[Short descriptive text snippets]
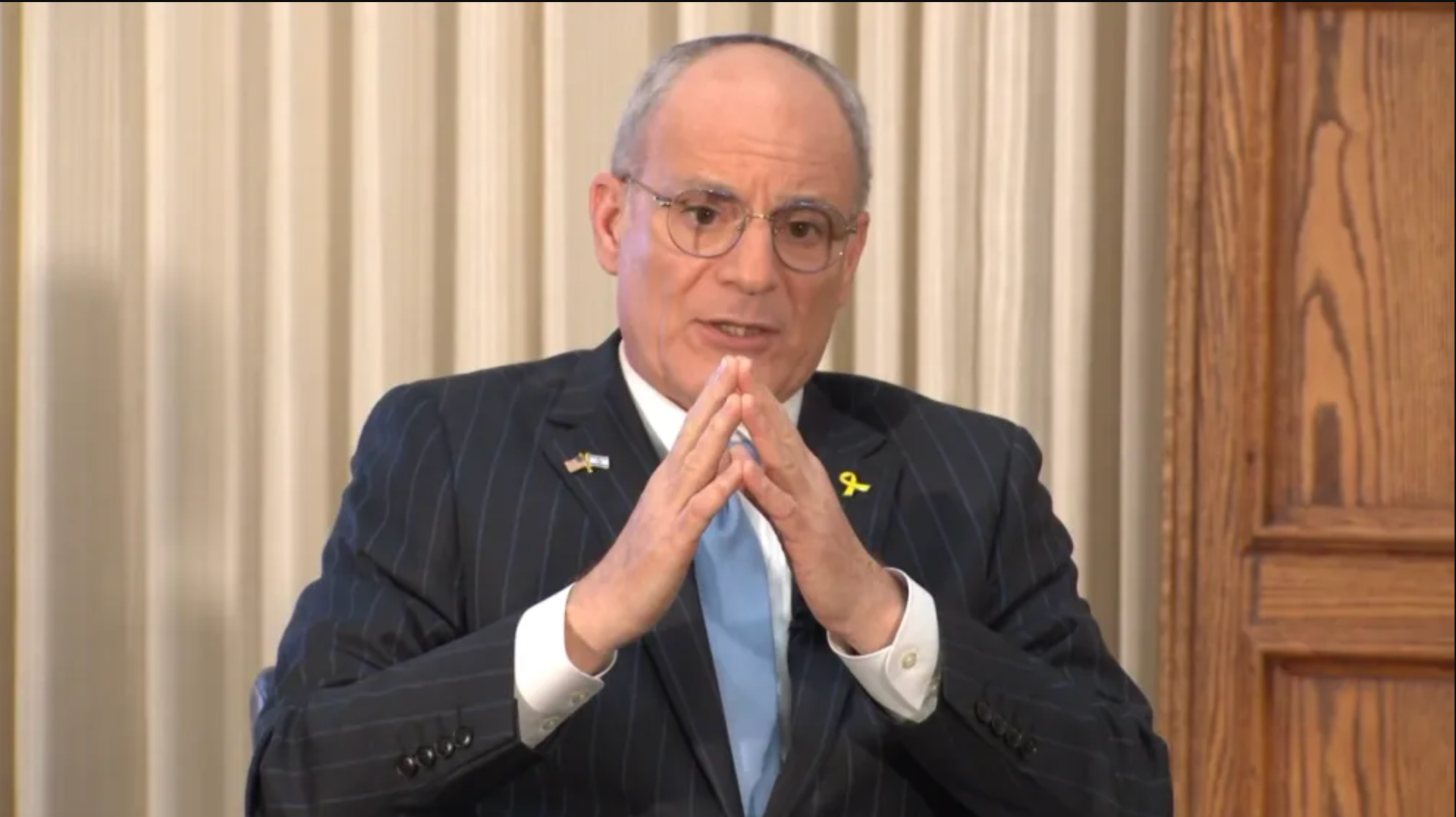 سفیر اسرائیل در آمریکا: صحنه را برای سرنگونی جمهوری اسلامی به دست مردم آماده کرده‌ایم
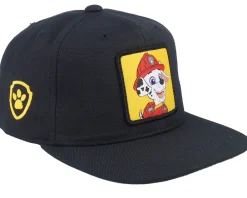 Snapback-PAW Patrol Kids Marshall Patch Snapback - Black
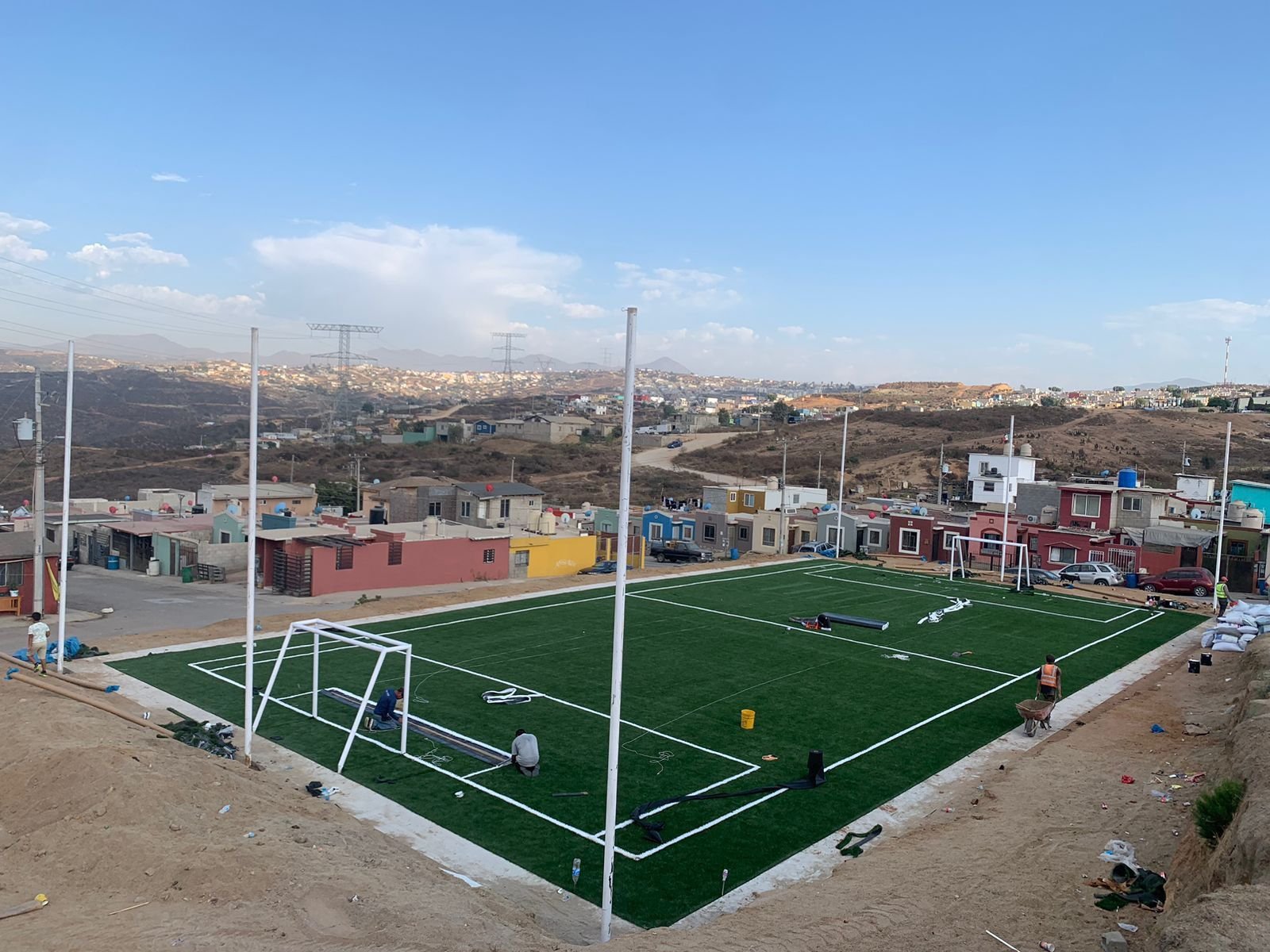 canchas villas del sol
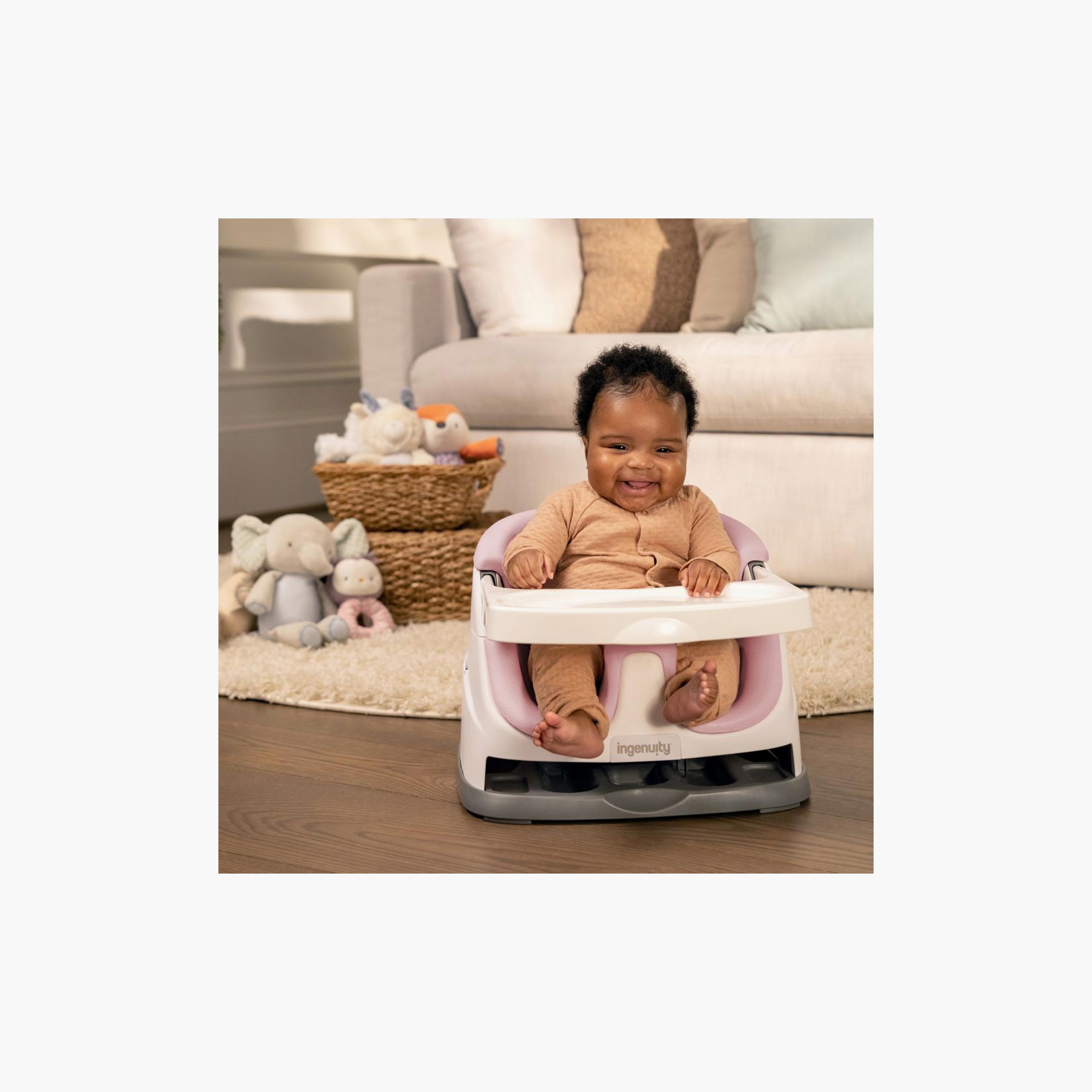 Ingenuity 2-in-1 Booster Feeding & Floor Seat with Self-Storing Tray-baby-feeding-highchairsandboosters-image-3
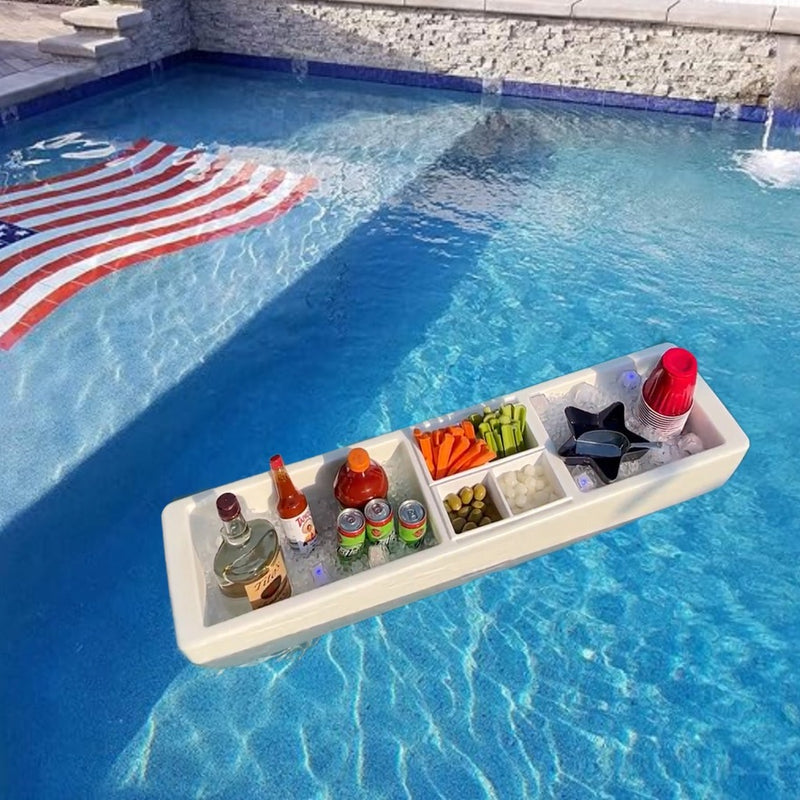 REVO Party Barge Cooler| Polar White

**WORK REQUIRED:** Your copy should restate every record word for word and contain no pictures.

**RESPONSE:**
 سفیر اسرائیل در آمریکا: صحنه را برای سرنگونی جمهوری اسلامی به دست مردم آماده کرده‌ایم
 Snapback-PAW Patrol Kids Marshall Patch Snapback - Black
 canchas villas del sol
 Ingenuity 2-in-1 Booster Feeding & Floor Seat with Self-Storing Tray-baby-feeding-highchairsandboosters-image-3
 REVO Party Barge Cooler| Polar White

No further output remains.